Location
- Park Road Ware, Hertfordshire, SG12 0DP England
- 51°48′53″N 0°02′43″W﻿ / ﻿51.8148°N 0.0454°W

Information
- Type: Academy
- Motto: Promoting Student Achievement
- Department for Education URN: 137090 Tables
- Ofsted: Reports
- Chair of governing body: Robert Watson
- Headteacher: Stephen Walton
- Staff: above 100
- Gender: Mixed
- Age: 11 to 18
- Enrolment: 1,292
- Houses: Ash Birch Chestnut Elm Hazel Maple Oak Pine Rowan Willow
- Colours: Green and Yellow
- Publication: Chauncy News
- Website: https://chauncyschool.com/

= Chauncy School =

Chauncy School is a secondary school located in Ware, Hertfordshire in the East of England. It is the only mixed secondary school in Ware. The school pride themselves on accepting students of any ability, and has had increasingly improved results for 13 years running.
In Jan 2013, OFSTED described Chauncy School as 'an inspiring and exciting place to be.' In 2017, OFSTED rated Chauncy School as outstanding.

==Admissions==
The school accepts students of any ability and background. Sixth Form requires A*-C grades, but negotiations are permitted. The admissions limit for Year 7 in September 2011 was 160.

==Leavers==
65% of year 11s 2011 stayed in Chauncy for 6th form and 27% went on to further education. 53% of year 13s in 2011 went to University in the UK and 30% went to college.

== History ==
Chauncy School was formed in 1982 upon the merger of two local comprehensive schools, The Trinity School (first known as Ware C of E Secondary Modern School) opened in 1961) and Fanshawe School.
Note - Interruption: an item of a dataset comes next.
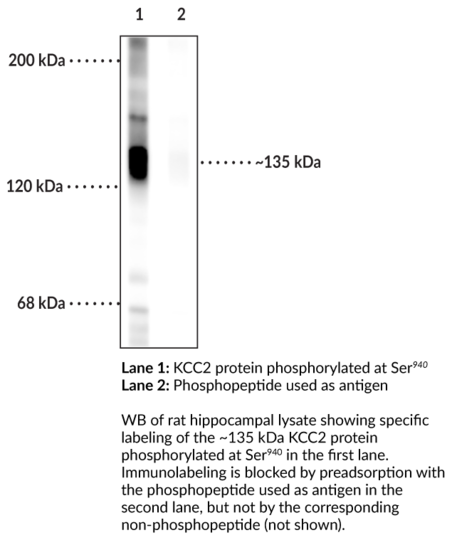 Anti-KCC2 (Phospho-Ser940)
Dwindling class sizes had resulted in a need for the authorities to reassess Ware's schools and despite a long campaign to retain both schools, the decision was made to close the Trinity site and use the Fanshawe site. The decision was made to change the name to Chauncy to unify the town and erase local rivalries from the two former schools. As of the beginning of the school year for 1982–83, the Fanshawe School site opened as Chauncy School. Until 1985, the old Trinity School site was kept open for pupils in the 5th and 6th forms, and then they too joined the Park Road site.

In 2015 the school filed two planning applications with East Herts District Council. These included the sale of land for housing to fund the development of a new sports facility. The new sports facility was officially opened on Friday 24 February 2017.